* [Exercise objective] From the line that contains "Volkswagen Tiguan I" to the final line below, both included, print each line exactly and skip the pictures.
+++ Data extract
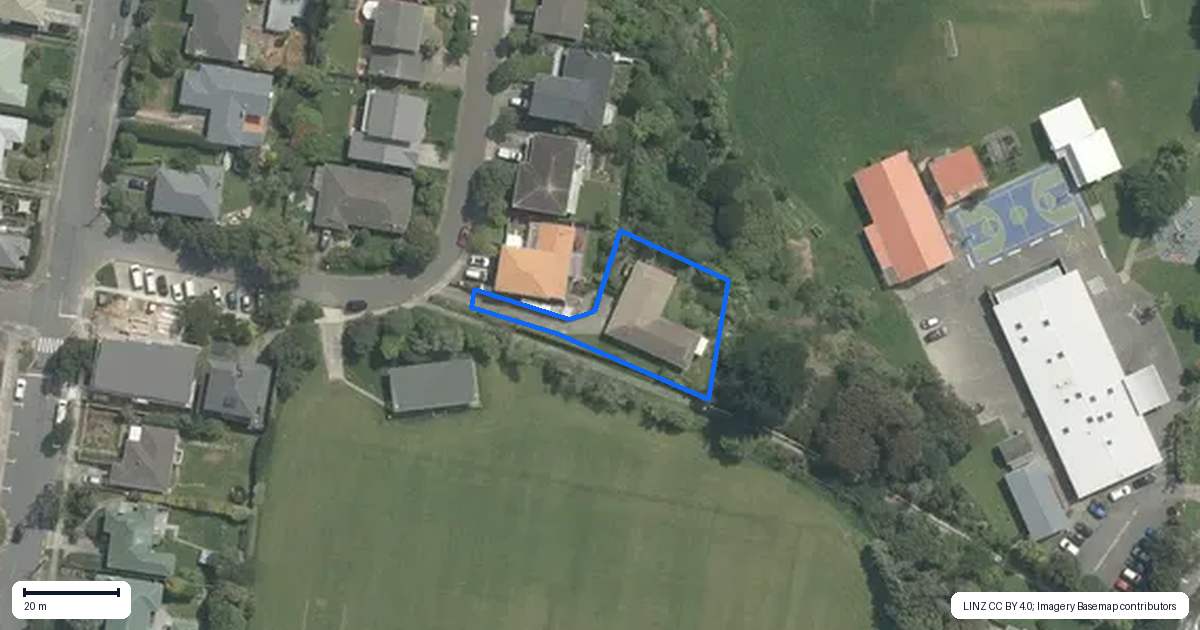 Property context map for 2 McKeefry Grove, Tawa, Wellington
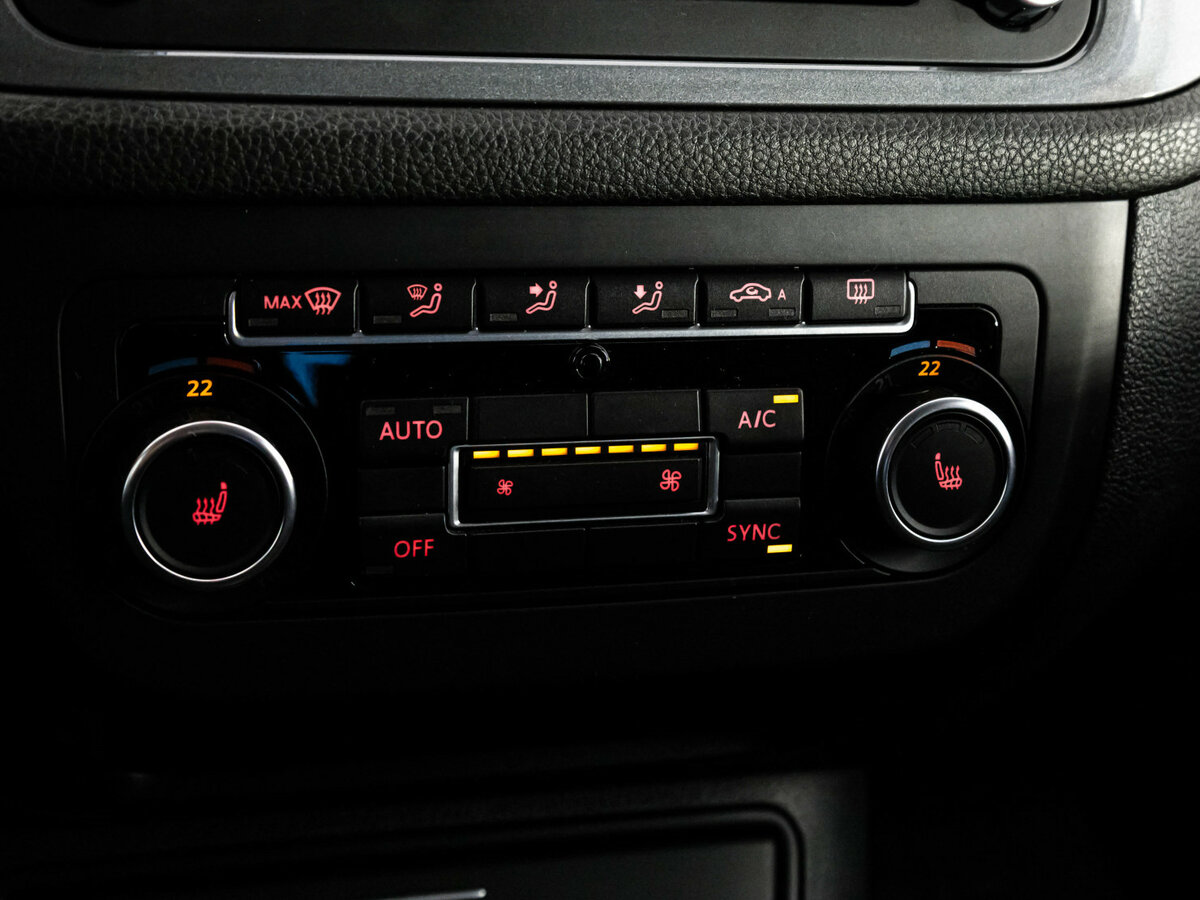 Volkswagen Tiguan I Рестайлинг, 2014 Фото №11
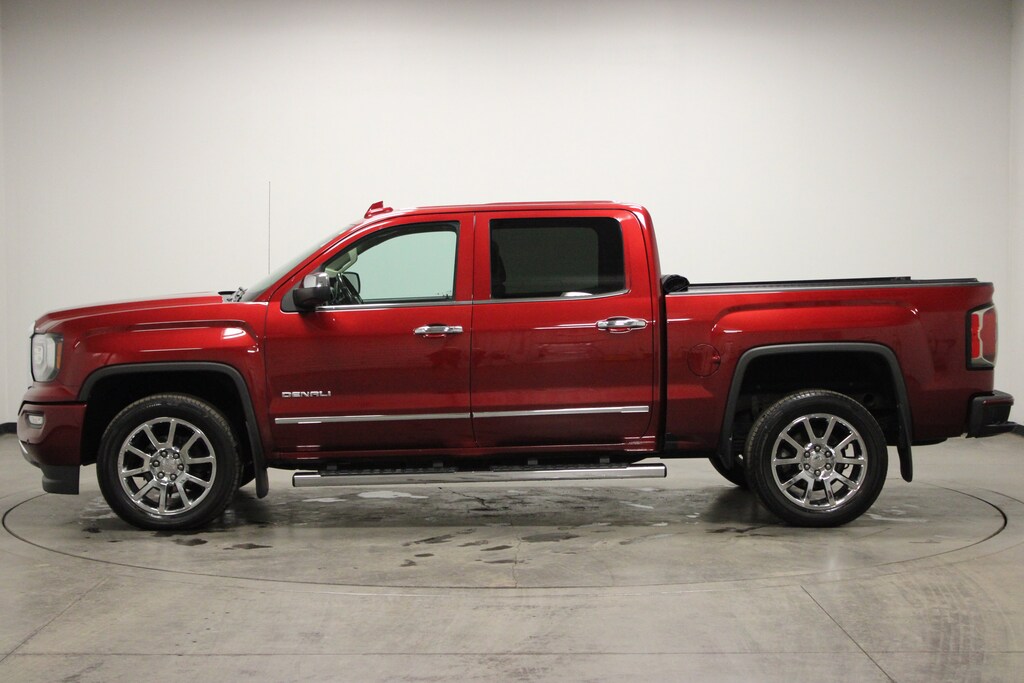 Used 2018 GMC Sierra 1500 Denali Crew Cab Short Bed Truck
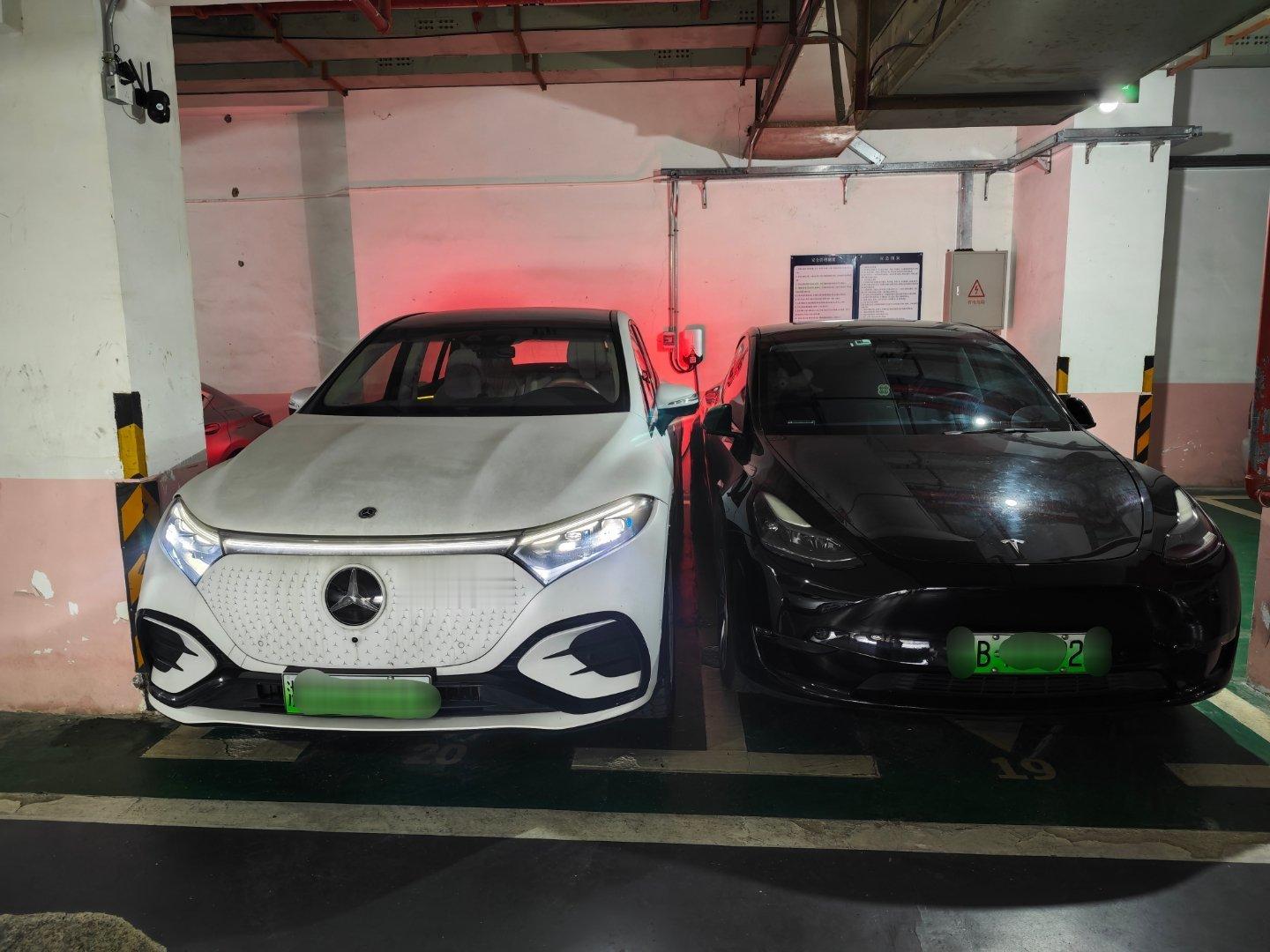 好jb烦这种停车压线的！这咋上车，咋下车？  ​​​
++++++
* [Output for this task]
 Volkswagen Tiguan I Рестайлинг, 2014 Фото №11
 Used 2018 GMC Sierra 1500 Denali Crew Cab Short Bed Truck
 好jb烦这种停车压线的！这咋上车，咋下车？  ​​​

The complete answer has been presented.